In February, Twitter announced that they had suspended over 125,000 accounts since mid-2015 for threatening on promoting terrorist attacks. Smash cut to today where Twitter has proclaimed that they’ve since suspended 235,000 more accounts for violating “policies related to promotion of terrorism” since February which brings the grand total to 360,000 suspended accounts since mid-2015.

The data presented by Twitter shows that daily suspensions are up 80 percent versus last year with activity of this nature spiking following terror incidents. Twitter also declared that the “response time for suspending reported accounts, the amount of time these accounts are on Twitter, and the number of followers they accumulate have all decreased dramatically.” Despite their reported success, the internet goliath notes that handling pro-terror accounts does not come with a one-strategy-fits-all solution.

As we mentioned in February, and other companies and experts have also noted, there is no one “magic algorithm” for identifying terrorist content on the Internet.
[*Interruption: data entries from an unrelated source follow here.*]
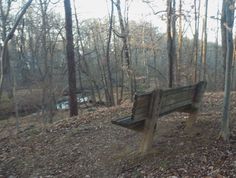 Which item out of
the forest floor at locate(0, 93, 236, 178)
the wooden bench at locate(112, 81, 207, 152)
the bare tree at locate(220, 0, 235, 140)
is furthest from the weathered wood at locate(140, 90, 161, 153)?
the bare tree at locate(220, 0, 235, 140)

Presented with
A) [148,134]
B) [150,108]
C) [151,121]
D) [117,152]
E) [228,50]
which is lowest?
[117,152]

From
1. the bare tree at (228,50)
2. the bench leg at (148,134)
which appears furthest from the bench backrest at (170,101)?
the bare tree at (228,50)

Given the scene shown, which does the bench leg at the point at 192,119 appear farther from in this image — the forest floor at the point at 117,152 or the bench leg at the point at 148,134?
the bench leg at the point at 148,134

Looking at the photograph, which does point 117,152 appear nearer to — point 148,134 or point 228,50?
point 148,134

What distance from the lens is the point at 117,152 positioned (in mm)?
5426

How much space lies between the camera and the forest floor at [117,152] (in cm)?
437

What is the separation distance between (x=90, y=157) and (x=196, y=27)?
18.6m

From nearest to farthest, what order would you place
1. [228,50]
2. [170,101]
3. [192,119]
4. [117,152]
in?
1. [228,50]
2. [170,101]
3. [117,152]
4. [192,119]

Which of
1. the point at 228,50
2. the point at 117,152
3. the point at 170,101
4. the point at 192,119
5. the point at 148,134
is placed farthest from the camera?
the point at 192,119

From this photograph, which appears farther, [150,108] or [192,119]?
[192,119]

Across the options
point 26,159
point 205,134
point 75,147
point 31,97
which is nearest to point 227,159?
point 205,134

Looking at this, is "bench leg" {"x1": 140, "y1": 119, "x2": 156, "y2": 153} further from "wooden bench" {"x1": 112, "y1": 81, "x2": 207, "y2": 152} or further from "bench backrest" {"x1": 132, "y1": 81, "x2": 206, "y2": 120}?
"bench backrest" {"x1": 132, "y1": 81, "x2": 206, "y2": 120}

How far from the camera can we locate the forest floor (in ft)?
14.3

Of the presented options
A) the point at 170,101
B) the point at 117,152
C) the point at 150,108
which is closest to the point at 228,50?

But we continue to utilize other forms of technology, like proprietary spam-fighting tools, to supplement reports from our users and help identify repeat account abuse. In fact, over the past six months these tools have helped us to automatically identify more than one third of the accounts we ultimately suspended for promoting terrorism. We will continue to invest in both technology and other resources in the future and you can expect us to update our progress regularly as part of our Transparency Report beginning in 2017.

Twitter, a company previously under scrutiny for not doing enough to combat the presence of terror groups on their service, has clearly made strides in changing how they operate. Of course, as Twitter changes, so will the tactics of individuals and groups that want to use the service for their own means. It will be up to Twitter to meet that challenge.

(Via Washington Post)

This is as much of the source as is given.